MA5450 Functional Analysis


Course Details

Unit I: (14 lectures)
Normed linear spaces, Banach spaces; Classical examples: C([0,1]), lp, c, c0, c00, Lp[0,1]; Continuity and boundedness of linear operator; Quotient spaces; Finite dimensional normed spaces; Riesz lemma, (non)compactness of unit ball; Seperability with examples;

Unit II: (10 lectures)
Hahn Banach extension theorem, Open mapping theorem, Closed graph theorem, Uniform boundedness principle.

Unit III: (16 lectures)
Hilbert spaces, Projection theorem; Orthonormal basis, Bessel inequality, Parseval equality; Dual, Duals of classical spaces-c0, lp, Lp[0,1]; Riesz representation theorem, Adjoint of an operator; Double dual, Weak and weak* convergence;

Course References:

Text Books:
1. M. Fabian, P. Habala, P. Hajek, V. M. Santalucia, J. Pelant and V. Zizler, Functional analysis and infinite-dimensional geometry. (Canadian Math. Soc, Springer 2001).
2. M. T. Nair, Functional analysis. (PHI-Learning, New Delhi, Fourth Print 2014).

Reference Books:
1. B. Bollobas, Linear analysis (Cambridge Univ.
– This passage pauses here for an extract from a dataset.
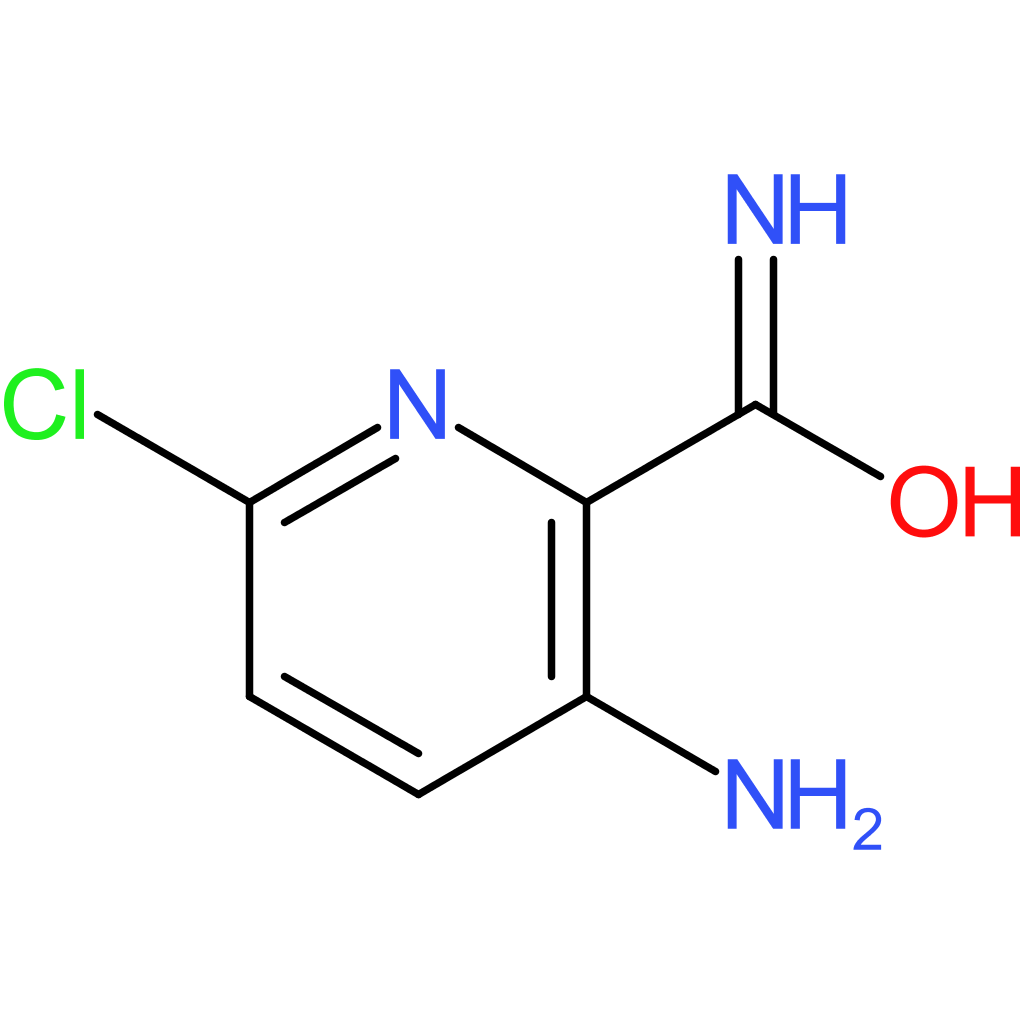 3-Amino-6-chloropicolinamide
Press 1999).
2. J. Conway, A course in functional analysis. (Springer 2007).
3. C. Goffman and G. Pedrick, A first course in functional analysis, (Prentice-Hall 1974).
4. P. D. Lax, Functional analysis (Willey interscience 2002).
5. B.V Limaye, Functional analysis (New Age International 1996).
6. M. Reed and B. Simon, Methods of Modern Mathematical Physics, Vol I. (Academic press, 1980).